» **Data excerpt**:

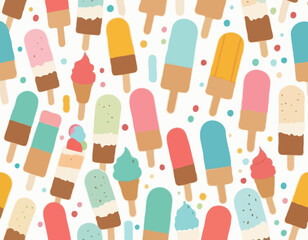 Flat design of ice cream sticks 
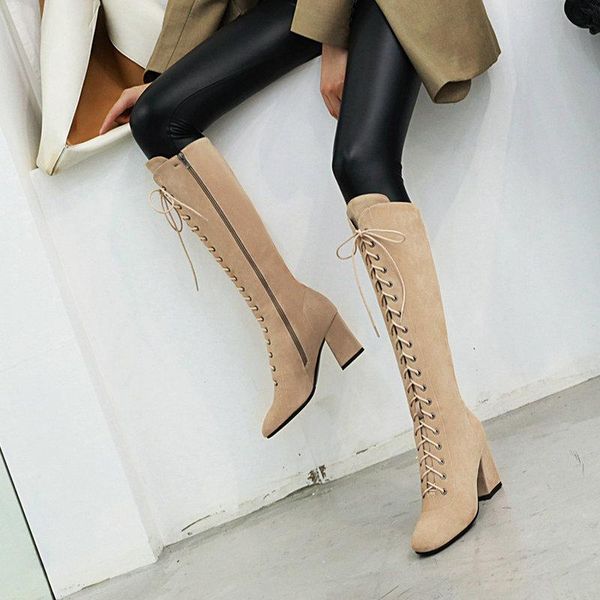 boots fashion autumn winter cross tied ladies knee high faux suede zipper rider female comfortable thick heel women shoes, Black
boots fashion autumn winter cross tied ladies knee high faux suede zipper rider female comfortable thick heel women shoes, Black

» **Exercise goal**:
From the first line to the last, set down the data exactly, without the pictures.

» **Result for this task**:
 Flat design of ice cream sticks 
 boots fashion autumn winter cross tied ladies knee high faux suede zipper rider female comfortable thick heel women shoes, Black
boots fashion autumn winter cross tied ladies knee high faux suede zipper rider female comfortable thick heel women shoes, Black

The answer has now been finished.